Como será a estrutura das provas?

O edital ainda está sendo finalizado, mas o que já se sabe é que a primeira prova será objetiva de aplicação comum a todos os candidatos. Já o segundo dia contará com uma prova objetiva e dissertativa dividida por blocos temáticos, de acordo com a área que irá atuar.

  • Administração e Finanças Públicas;
  • Setores Econômico, Infraestrutura e Regulação;
  • Agricultura e Meio Ambiente;
  • Educação, Ciência, Tecnologia e Inovação;
  • Políticas Sociais, Justiça e Saúde;
  • Trabalho e Previdência;
  • Dados Tecnologia e Informação Pública;
  • Nível Médio.

“A diferença central do concurso no Brasil é que tem muitos cargos e carreiras, o que impacta na variação dos salários. O ideal de um projeto como o CNU no Brasil é ser um ponto de partida para ao longo do tempo pensarmos na integração entre diferentes cargos e carreiras, com salários mais justos, principalmente em cargos que exigem ensino superior”, diz Coelho.

Expectativas e desafios

Além da integração entre cargos e carreiras, a modernização do concurso público é outra expectativa gerada pelo CNU, segundo o pesquisador. “Entrevistas em concursos públicos não são regras, são exceções.

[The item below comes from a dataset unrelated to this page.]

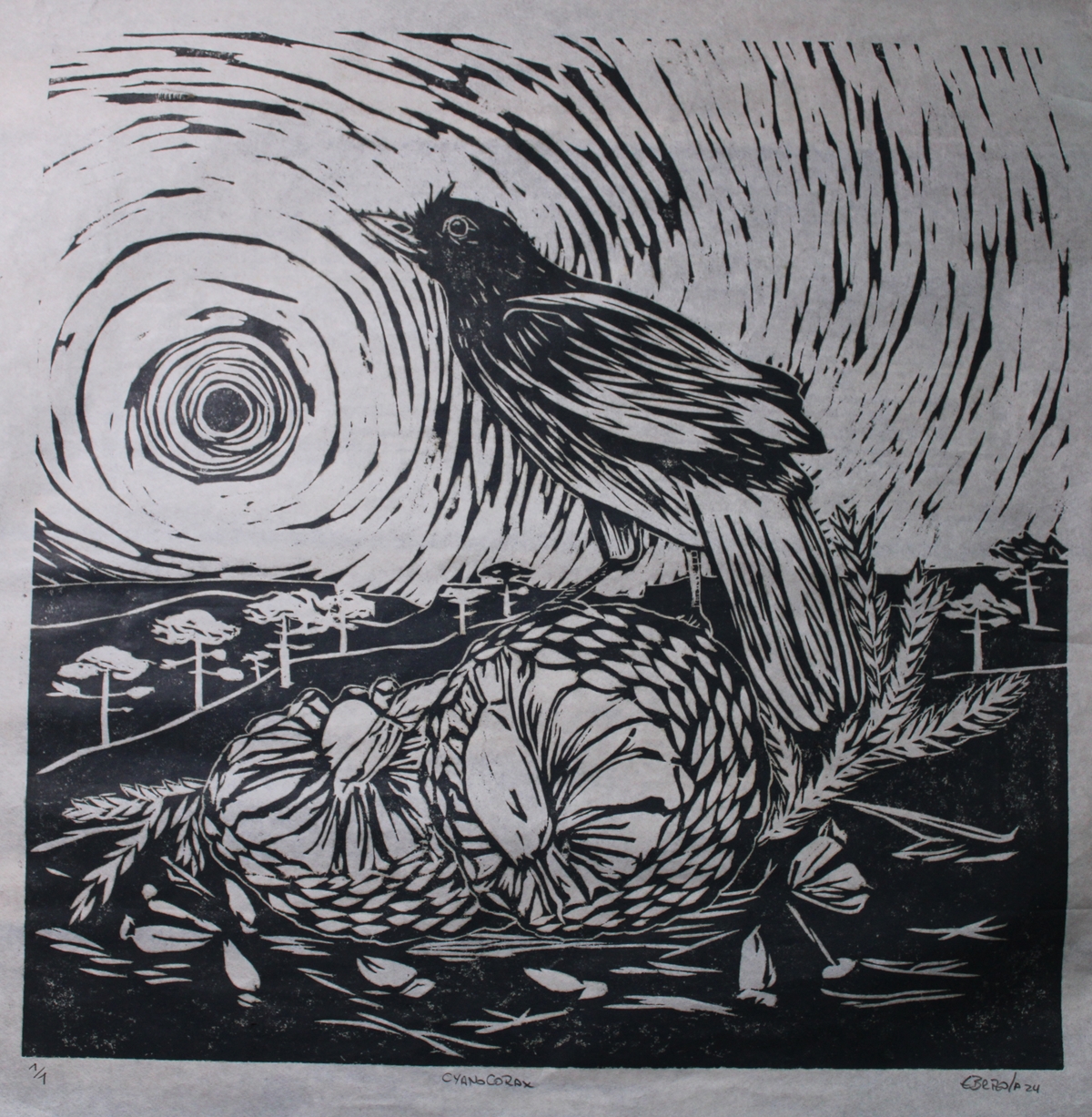 Cyano Corax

Buscamos uma modernização de concursos públicos no Brasil para além de conhecimentos em provas escritas, para que também seja possível fazer uma análise de habilidade e experiências.”

Quanto aos desafios, Coelho destaca dois nesta inauguração do CNU no Brasil: erros nas provas e o desafio logístico.

“Existe uma tensão forte do MGI com a União para dar conta de possíveis litígios ou processos de judicialização que possam tentar impedir um concurso, como questões mal elaboradas. Outro desafio do CNU será um processo logístico eficaz, que não será tão grande quando comparado com a estrutura exigida pelo Enem, que contou com um processo de mais de 6 milhões de candidatos neste ano, mas vai precisar de uma organização em larga escala.”